De 1928 até a Segunda Guerra Mundial, os principais intelectuais do mundo eram "trotskistas". Ninguém era "leninista", Stalin era ignorado. Nascido também em 1879 (como Trotski), era quase que analfabeto. Enquanto Trotski escreveria "A História da Revolução Soviética", 2 volumes maravilhosos, Stalin mal rascunhava os próprios discursos. Mas quem tomou o Poder foi ele.
Os "stalinistas" se propagaram pelo mundo. Ele era o seu Maomé e o próprio profeta. Em março de 1939, assinou com Hitler o Tratado de Não Agressão. Os "stalinistas" ficaram desapontados mas continuaram "stalinistas". Em 1942, Stalin acabou com o Komintern e criou o Kominform, era o fim da Revolução Mundial, exigência irrevogável para Marx: "Sem isso, o sovietismo não resistirá".
Quando Krushov assumiu o Poder e denunciou as falhas de Stalin e seu assombroso "culto à personalidade" (no 22º Congresso do Partido), apareceu o verdadeiro Stalin. Estátuas foram derrubadas, seu nome retirado de enciclopédias e até da História. Houve uma reviravolta desse personalismo em muitas partes do mundo, inclusive aqui no Brasil.
Tenho que terminar, o tema é inesgotável. O jornalista e escritor Osvaldo Peralva, excelsa figura, foi o Vasco da Gama do "stalinismo", descobriu o caminho das Índias da Liberdade e do anti-stalinismo. Morou anos na União Soviética, estudou na União Soviética, falava russo corretamente, acreditava no bolchevismo.
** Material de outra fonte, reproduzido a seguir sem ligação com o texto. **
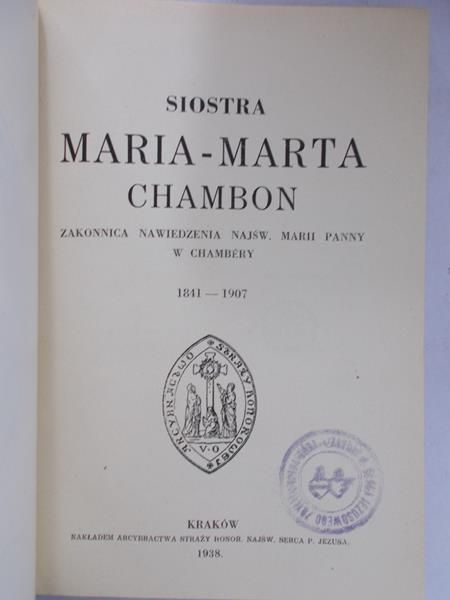 Siostra Maria Marta Chambon, 1938 r.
Quando se desencantou, escreveu um livro magistral e lancinante.
Não fez como tantos ou quase todos que continuavam se exibindo sem convicções. O livro de Peralva, "O Retrato", é extraordinário. Sua decepção é total. Quem não leu esse livro, deve lê-lo imediatamente. Se não ler, não pode falar em "stalinismo", nem contra nem a favor.
PS - Uma das boas recordações da prisão no famigerado AI-5 foi ter passado 28 dias com Osvaldo Peralva. Fora o que está no livro, que histórias me contou. E que personagem admirável foi Osvaldo Peralva.
PS 2 - Stalin foi o Hitler do outro lado. Nem esquerda nem direita, enganaram o mundo. Dois ditadores cruéis e repelentes, duas feras cruéis, selvagens, sem entranhas.